Gimmy stellte seinen VW auf Porsche-Feigen und Spezialreifen. Er installierte ihm unter anderem Scheibenbremsen, eine »selber ausgetüftelte« Zweikreisbremse, eine Hinterachse vom VW 1500 S, ein eigenhändig abgestuftes Getriebe, eine neue Lenkung und Schalensitze. Einen 1,5-Liter-Transportermotor von 42 PS steigerte er durch Umbau auf 46 PS und baute ihn ein. Zeitweilig, etwa für Sportwettbewerbe, tauschte er den Motor gegen ein 1,7-Liter-Triebwerk von 70 PS aus.

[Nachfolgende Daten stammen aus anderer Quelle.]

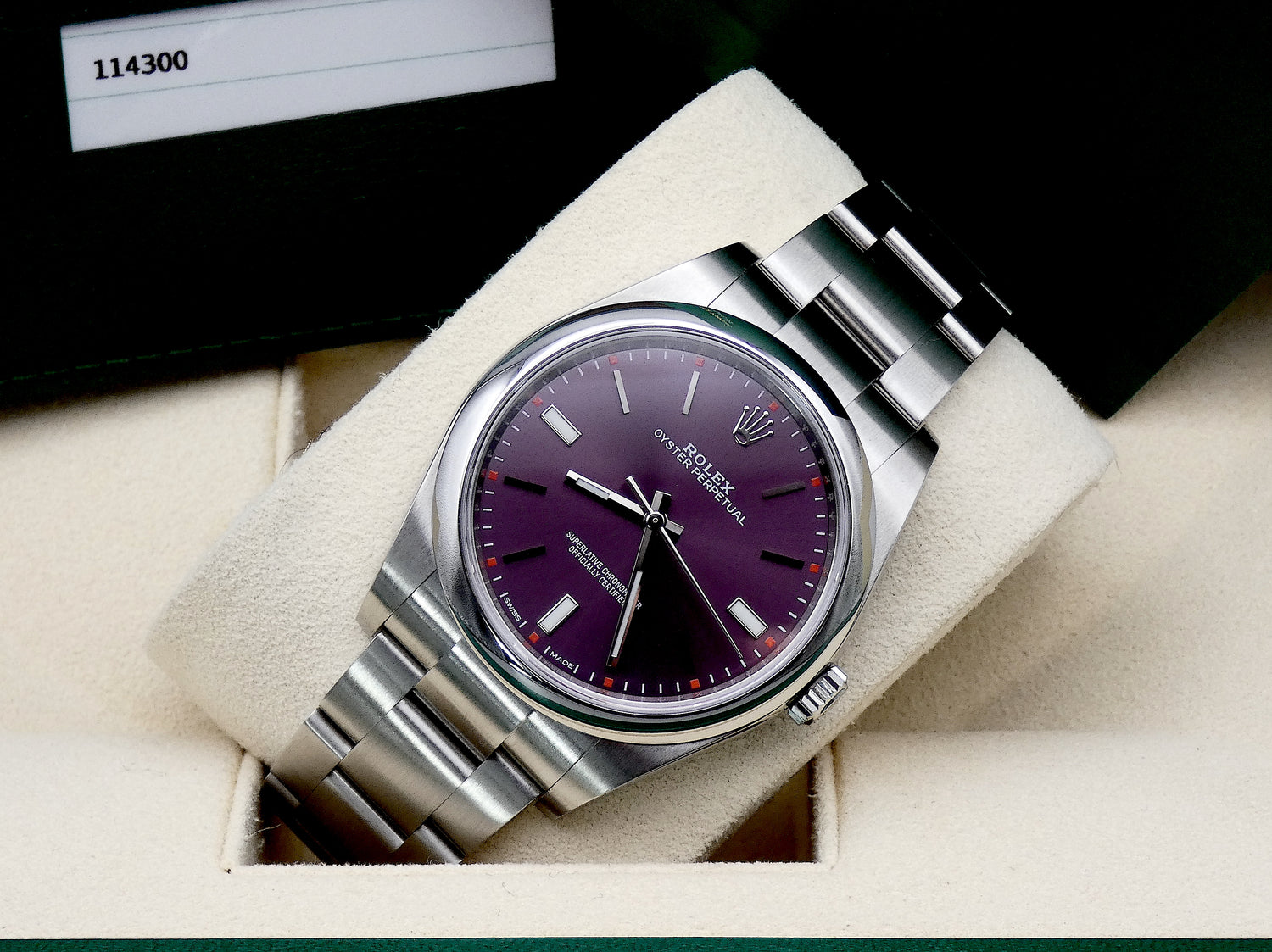 SOLD Oyster Perpetual 39mm NOS / Grape purple dial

Seinen Ölkühler, beim Serienauto unter der Motorhaube verborgen, placierte Gimmy aus technischen Gründen auf dem Trittbrett.
»Mein Wagen liegt tief wie ein Raubtier auf der Straße und ist im Fahrverhalten jedem Porsche 356 überlegen«, verkündete Gimmy stolz. Da er das Wagengewicht um 100 Kilogramm gemindert hatte, erwies sich sein Käfer beim Beschleunigen als auffallend temperamentvoll.
VW-Fahrer Gimmy, der alle TÜV-Widerstände überwunden hatte, scheiterte schließlich am eigenen Temperament. Die Polizei nahm ihm vor kurzem als »Mehrfachtäter« wegen zu schnellen Fahrens den Führerschein weg. Gimmys Käfer ist nun zu haben.